*The data*.
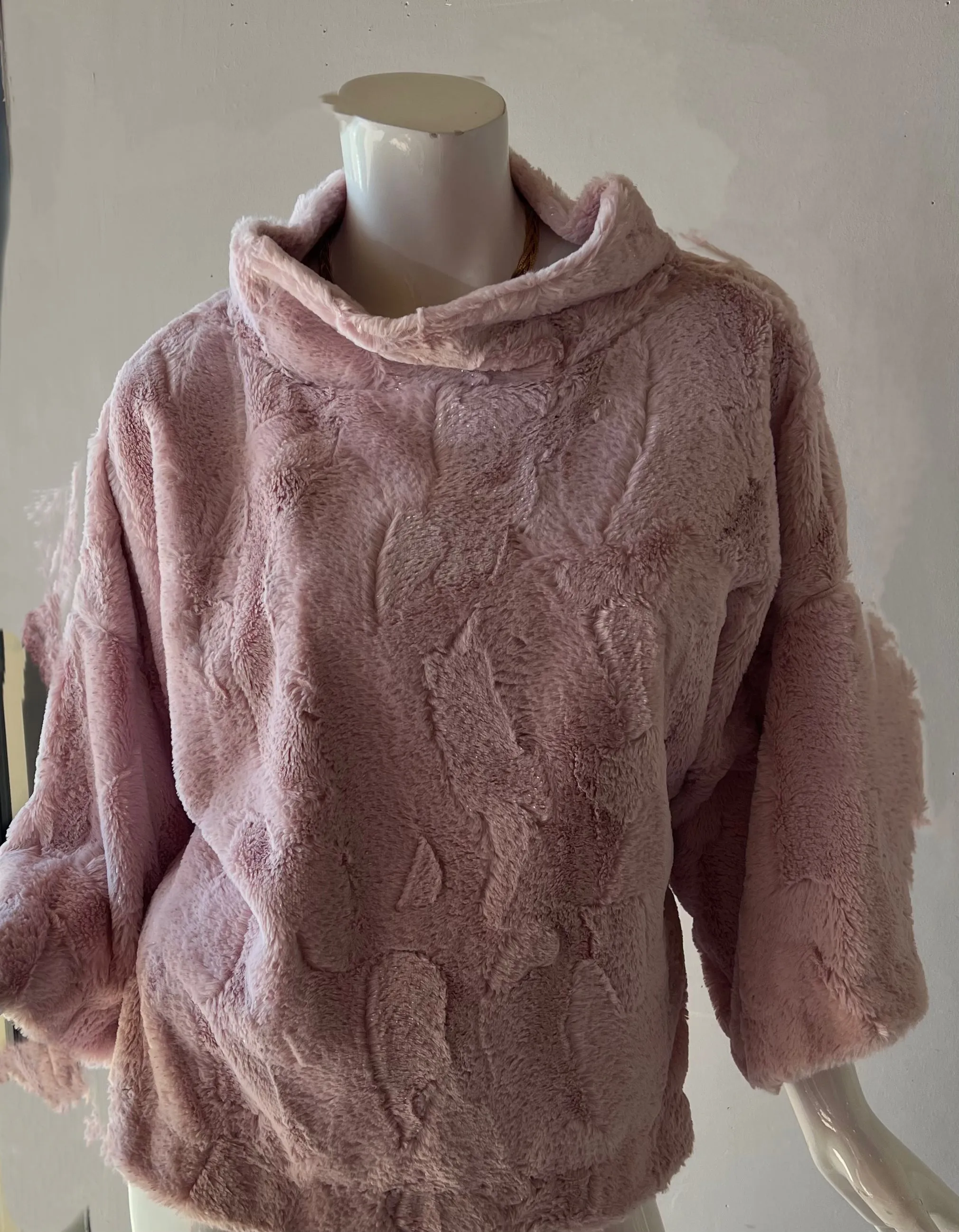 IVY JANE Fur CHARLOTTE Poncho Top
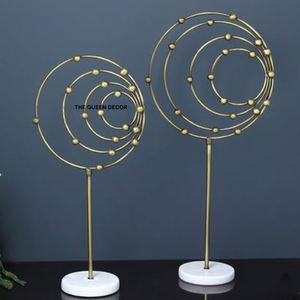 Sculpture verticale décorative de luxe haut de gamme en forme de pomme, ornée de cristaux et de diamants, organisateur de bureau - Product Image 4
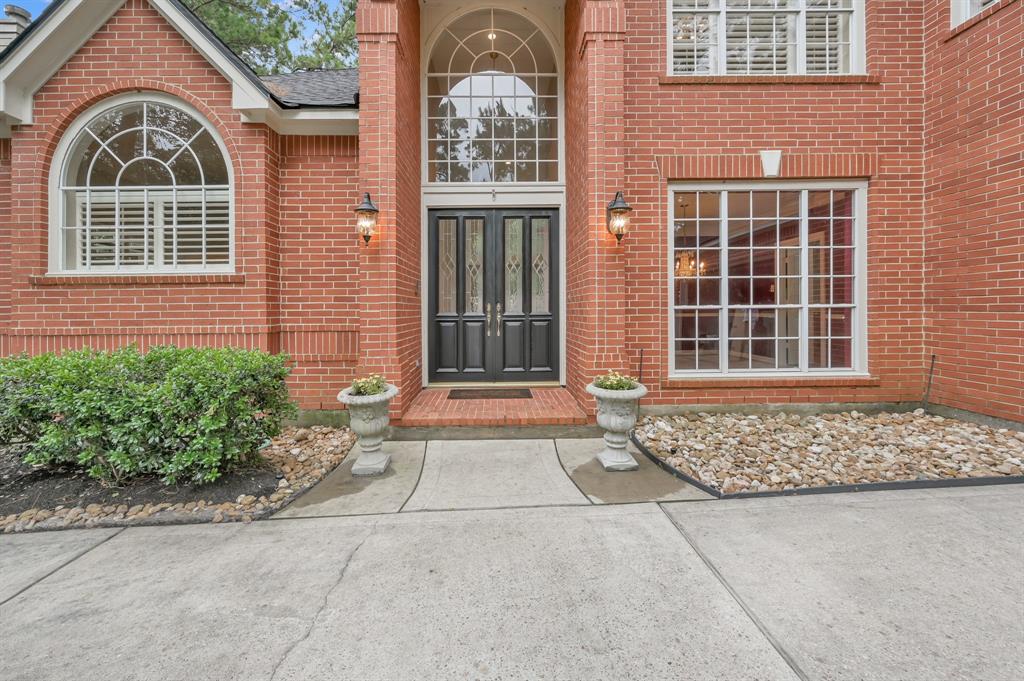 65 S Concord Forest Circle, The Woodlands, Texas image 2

==

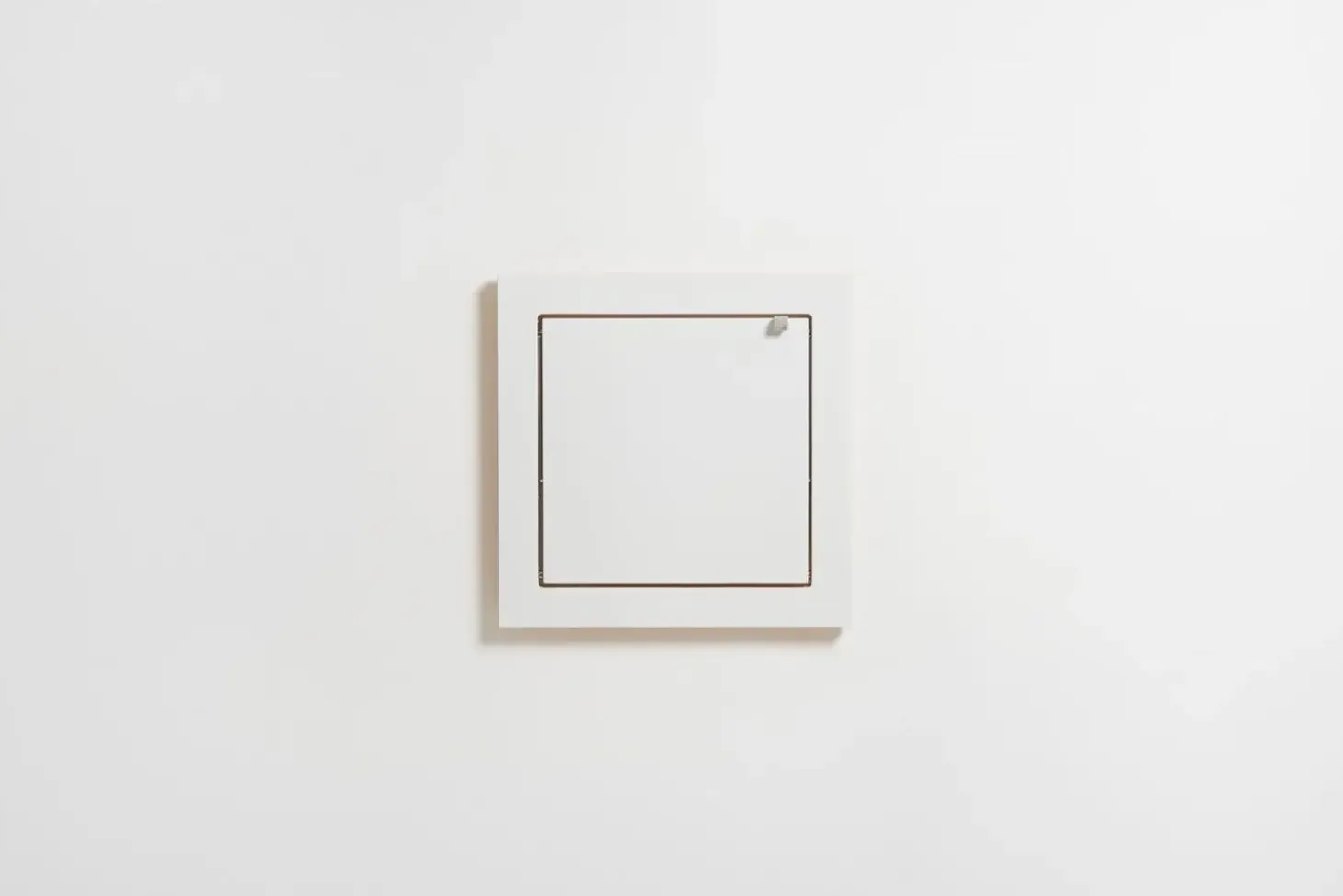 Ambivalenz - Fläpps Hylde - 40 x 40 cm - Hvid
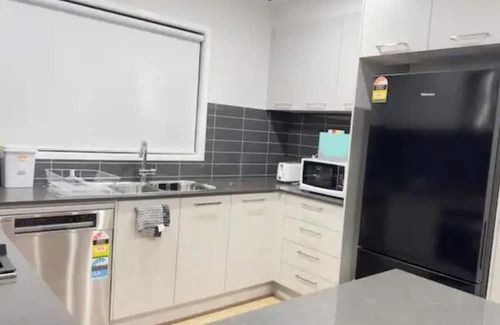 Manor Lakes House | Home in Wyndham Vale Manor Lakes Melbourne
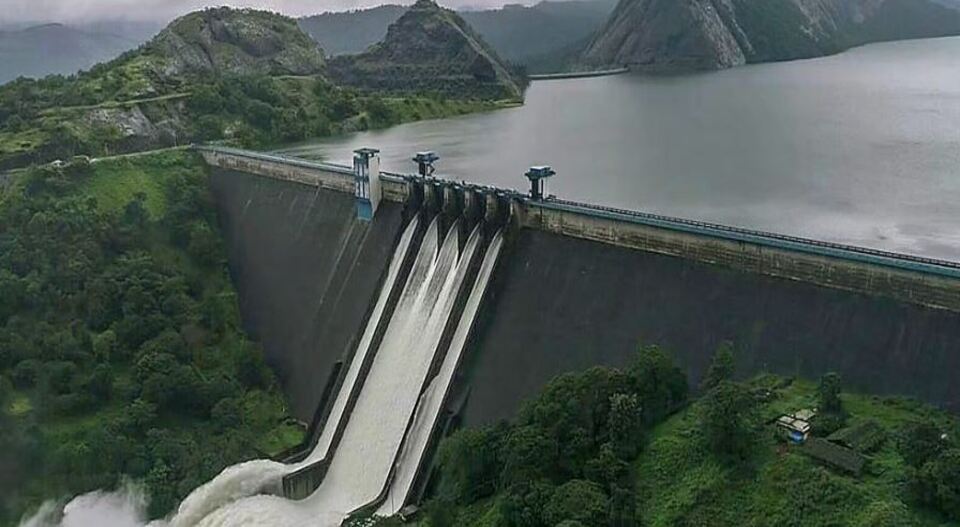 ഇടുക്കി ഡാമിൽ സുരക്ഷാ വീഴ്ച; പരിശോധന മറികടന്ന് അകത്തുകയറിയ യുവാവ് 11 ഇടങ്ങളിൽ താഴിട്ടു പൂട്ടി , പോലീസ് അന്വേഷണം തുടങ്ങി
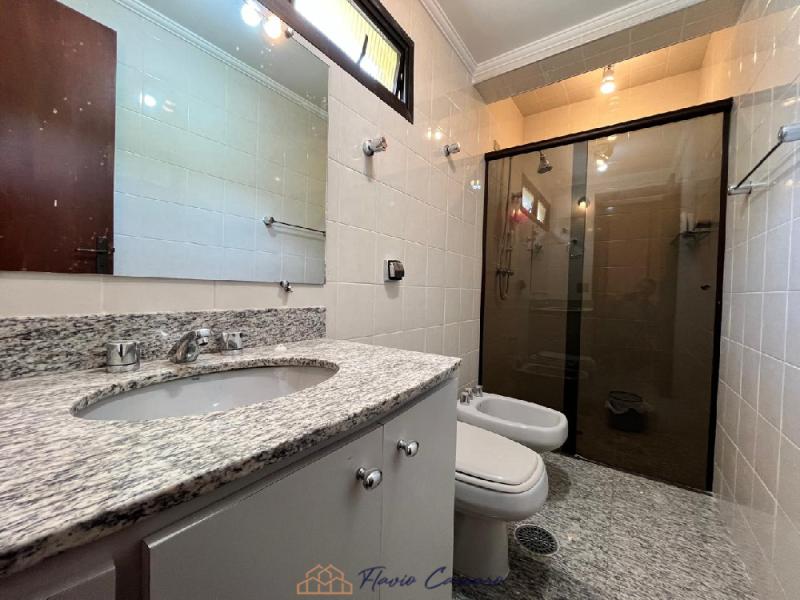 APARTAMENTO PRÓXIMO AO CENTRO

*What the exercise asks*.
All that should appear in the answer is the lines above from the line with "Sculpture verticale décorative" through the line with "65 S Concord", retyped exactly, pictures left out.

*Reply*.
 Sculpture verticale décorative de luxe haut de gamme en forme de pomme, ornée de cristaux et de diamants, organisateur de bureau - Product Image 4
 65 S Concord Forest Circle, The Woodlands, Texas image 2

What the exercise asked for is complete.